I found the article by Subramanian et al. on marriage and career issues immensely relatable and would like to extrapolate the issue to motherhood.
The hurdles of the race to become an anaesthesiologist has led to the increase in the marriage age, pushing majority into the category of elderly primigravidas.
The challenge starts while resuming work after delivery. ‘Child-care responsibilities’ is cited as one of the reasons for observed gender disparity in anaesthesiology leadership and faculty positions. Anaesthesiologist mothers look after the critically ill patients in the intensive care unit, leaving their own heart throbs under the care of nurseries/day-cares. Every night is night on call taking care of the babies and trying to catch up the daytime lost. Yet, the next morning they are active and alert managing patients in the best possible way, making one believe in superpowers on the strength of indefatigability and composure.

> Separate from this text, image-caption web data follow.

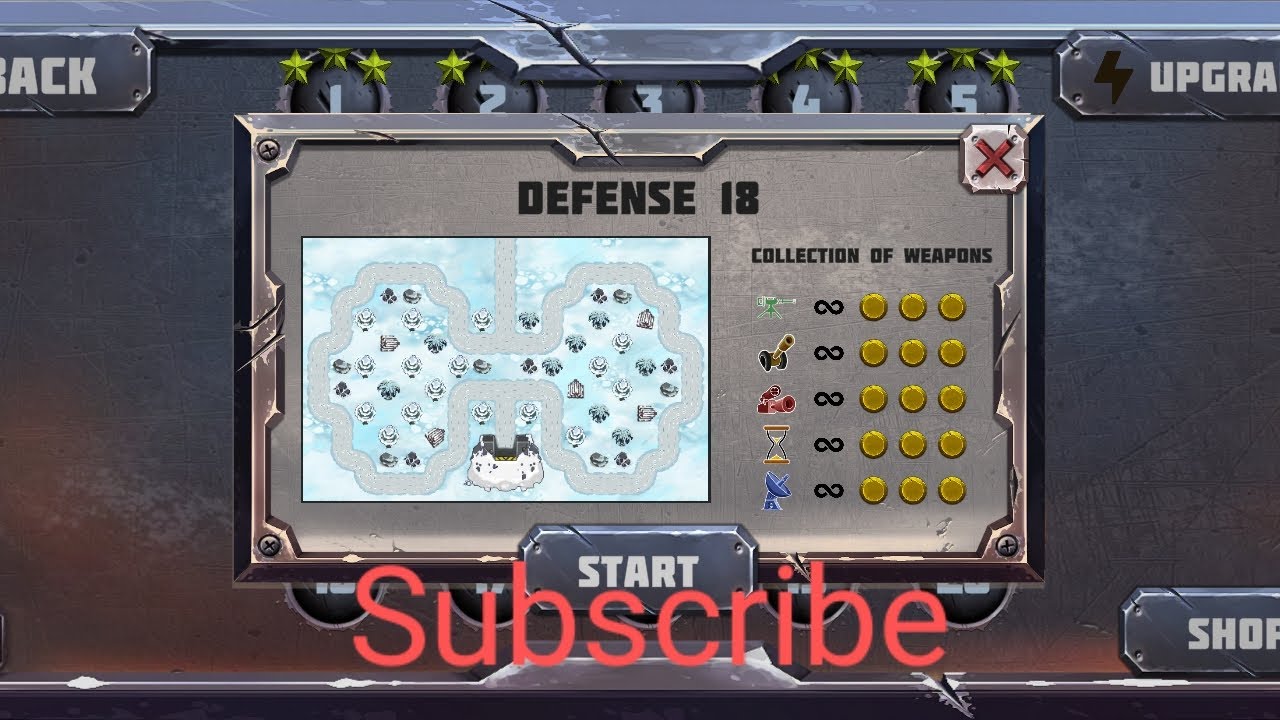 New Solution - Tactical Defence - Season 2 - Level 18
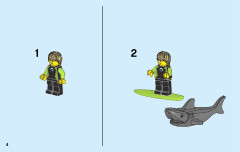 LEGO 60163 instructions page 4 – build guide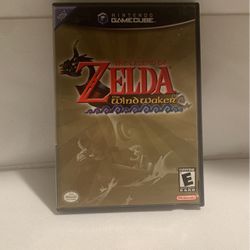 The Legend Of Zelda: The Wind Waker Nintendo Gamecube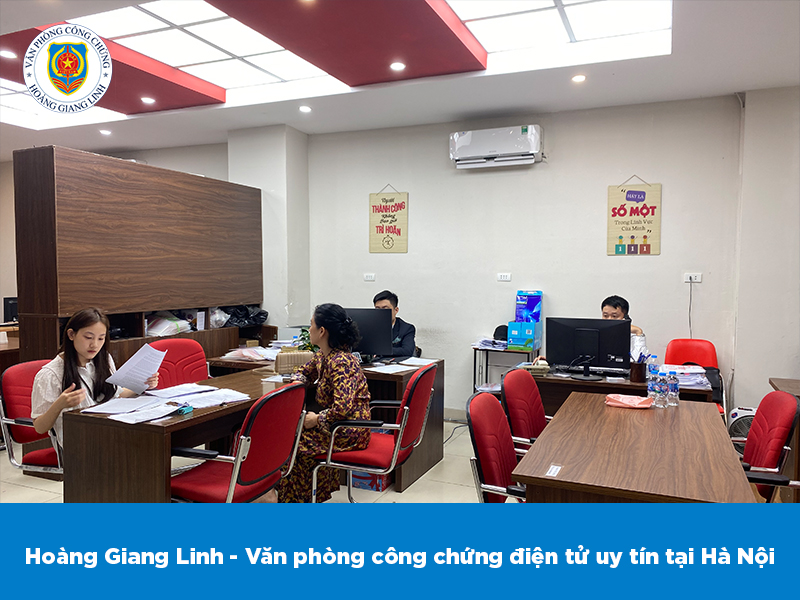 dịch vụ công chứng điện tử Hà Nội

All days are not the same; children do get sick and have falls, which are part and parcel of growing up. The night on-call duties take a toll.
Every time the mothers leave for their professional call, they pray under the breath for the child’s safety and good health, negating the negative thoughts of the possible scenarios like foreign body aspirations, etc., which are managed every day.
The goals add on as the child grows up.
All in all, anaesthesiologist mothers are superwomen balancing all spheres of life. The motherhood in the life of anaesthesiologists is a happy roller-coaster ride.